Upping the Ante for Instructional Software (CHEER v10 n1)

Volume 10, Issue 1, 1996

Upping the Ante for
Instructional Software:

Learning How Students Learn

Arnold Katz: Department of Economics, University of Pittsburgh

This paper was presented to the Winter 1996 American Economic Association Session on "Computer-Aided Instruction" in San Francisco. The author is grateful to Betty Blecha and session attendees for helpful comments.

Background

Computer-aided instruction, with its richer graphics and growing use of multimedia, is less vulnerable nowadays to the justifiable criticisms of earlier years that it tended to underutilize the potential of the available hardware. Nonetheless, there is at least one way in which instructional software in economics -- and in most other disciplines as well -- seems still to fall short of exploiting the potential of computers for enhancing teaching, and that is in the use of computer feedback on what students are learning from these new technologies. Given the computer's remarkable powers for recording and analyzing data, it is curious that more has not been done to explore this potential.

A plausible explanation may be that the worth of such data has yet to be demonstrated and absent a market demand, software developers and their distributors lack the incentive to expend the effort necessary to develop the requisite code for informative computer monitoring. The result is a vicious circle in which there has been little research on how best to collect and analyze data of this kind.

Owing to their intrinsic interests in learning processes, cognitive psychologists have, for many years now, been making extensive use of computers to observe students' problem-solving skills in small group learning laboratories (See Lawler and Yazdani or Sleeman and Brown, e.g.). Though few economists seem to be in touch with this work, the results have been sufficiently interesting to warrant our taking a closer look and maybe stealing a page or two from their book.

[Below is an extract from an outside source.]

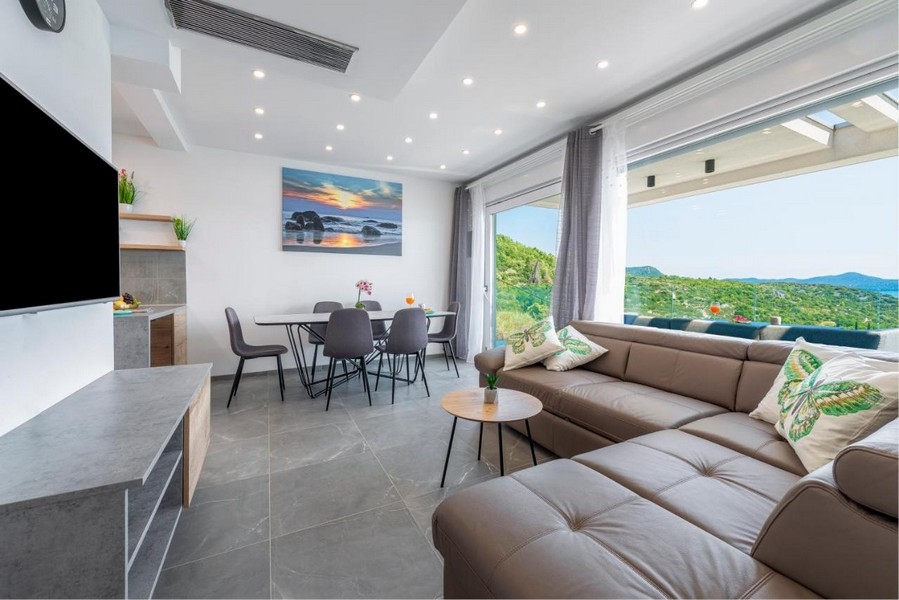 Ljust vardagsrum med stora fönsterpartier och panoramautsikt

I have been attempting something of this sort in extending a program developed originally by cognitive psychologists at the University of Pittsburgh Learning Research and Development Center to study how computers might be used to strengthen students understanding of comparative statics analysis in the introductory microeconomics course. One of the aims of the original program was to move away from the more traditional structured machine-control of learning paths in computer-assisted instruction to more open-ended forms of self-directed discovery learning (See Shute and Glaser for a description of the laboratory-based program). The adaptation for classroom use, known as the Smithtown Collection, was outlined in an earlier edition of CHEER (Number 16, May 1992). It seeks to implement as much of the original philosophy as practicable, subject to the constraints of keeping classes to a common timetable. Given its research objectives, the seminal program used the computer to closely monitor students work, and its provisions for record-keeping became an integral part of the classroom adaptation.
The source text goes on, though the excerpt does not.